- Opening Delimiter -

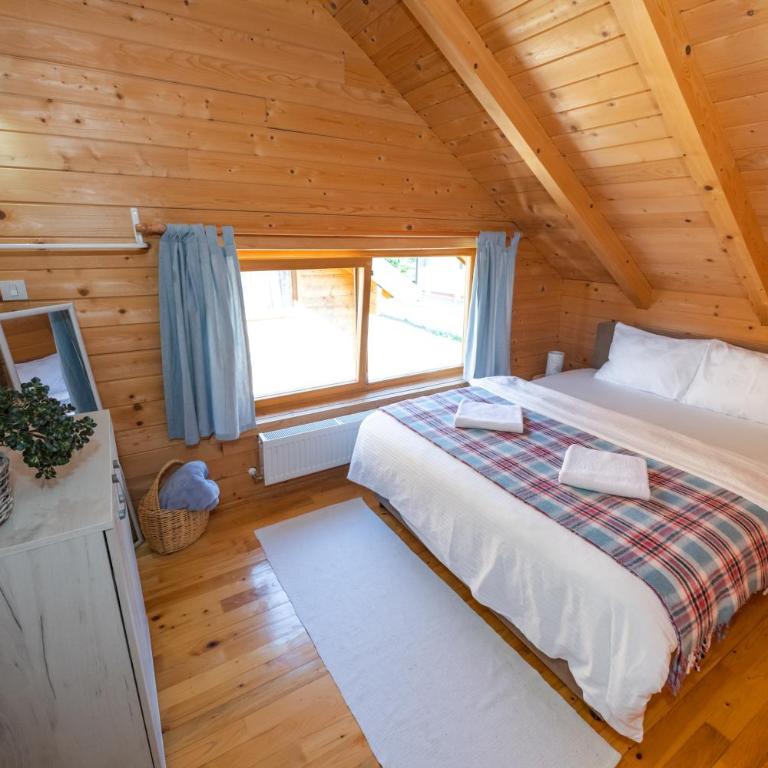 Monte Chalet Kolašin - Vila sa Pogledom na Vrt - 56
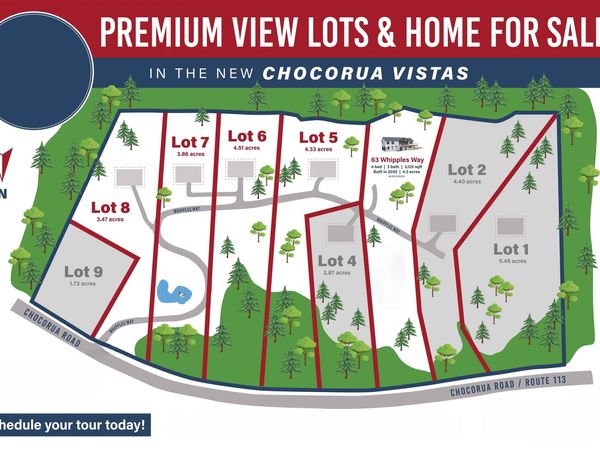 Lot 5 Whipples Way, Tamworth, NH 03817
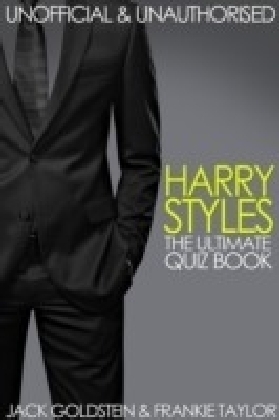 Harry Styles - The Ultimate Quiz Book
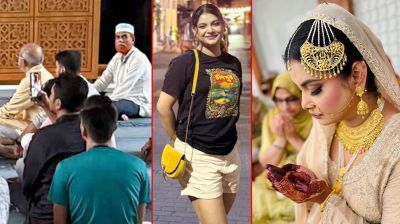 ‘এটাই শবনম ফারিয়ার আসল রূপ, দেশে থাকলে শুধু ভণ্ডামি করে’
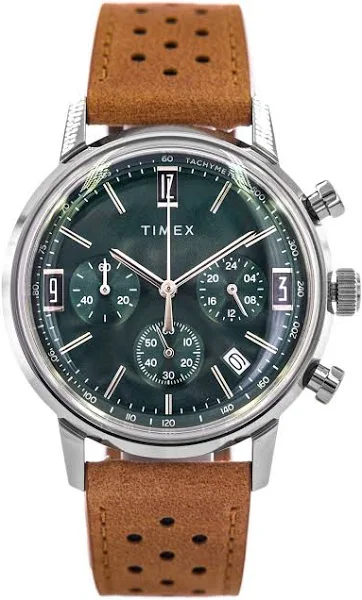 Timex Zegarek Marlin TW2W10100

- Closing Delimiter -
- Opening Delimiter -

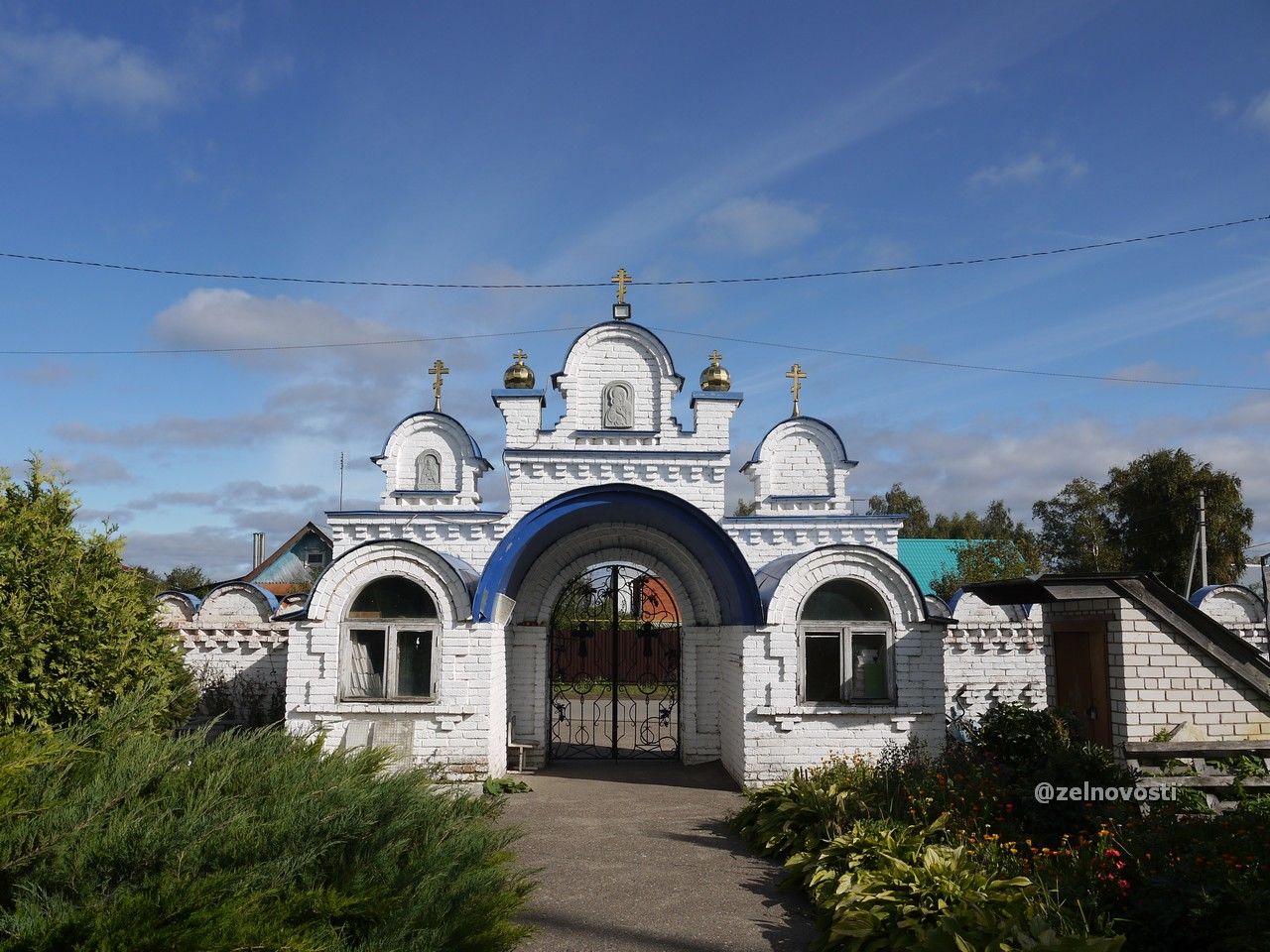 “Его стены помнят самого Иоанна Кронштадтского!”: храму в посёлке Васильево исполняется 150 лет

- Closing Delimiter -
- Opening Delimiter -

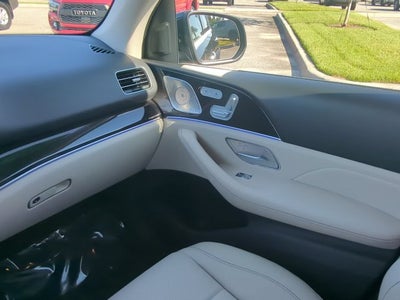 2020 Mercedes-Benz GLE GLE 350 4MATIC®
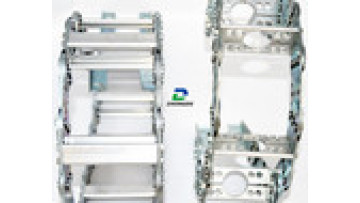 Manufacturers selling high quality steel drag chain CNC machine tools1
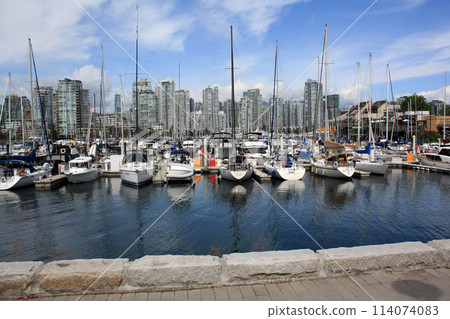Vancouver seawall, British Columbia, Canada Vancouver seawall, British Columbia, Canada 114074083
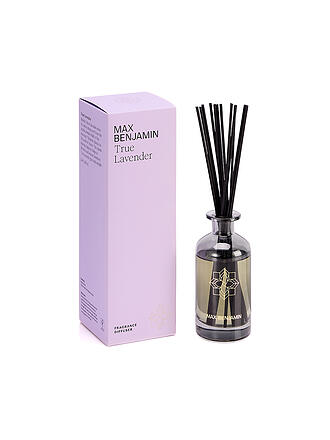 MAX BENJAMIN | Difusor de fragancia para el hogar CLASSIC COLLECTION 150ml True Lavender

- Closing Delimiter -

▶ **EXERCISE INSTRUCTIONS**: Word for word, repeat the lines above from the one with "Lot 5 Whipples Way, Tamworth, NH 03817" through the one with "Timex Zegarek Marlin TW2W10100", and nothing beyond them. Omit the pictures.

▶ **ANSWER FOR THE TASK**:
 Lot 5 Whipples Way, Tamworth, NH 03817
 Harry Styles - The Ultimate Quiz Book
 ‘এটাই শবনম ফারিয়ার আসল রূপ, দেশে থাকলে শুধু ভণ্ডামি করে’
 Timex Zegarek Marlin TW2W10100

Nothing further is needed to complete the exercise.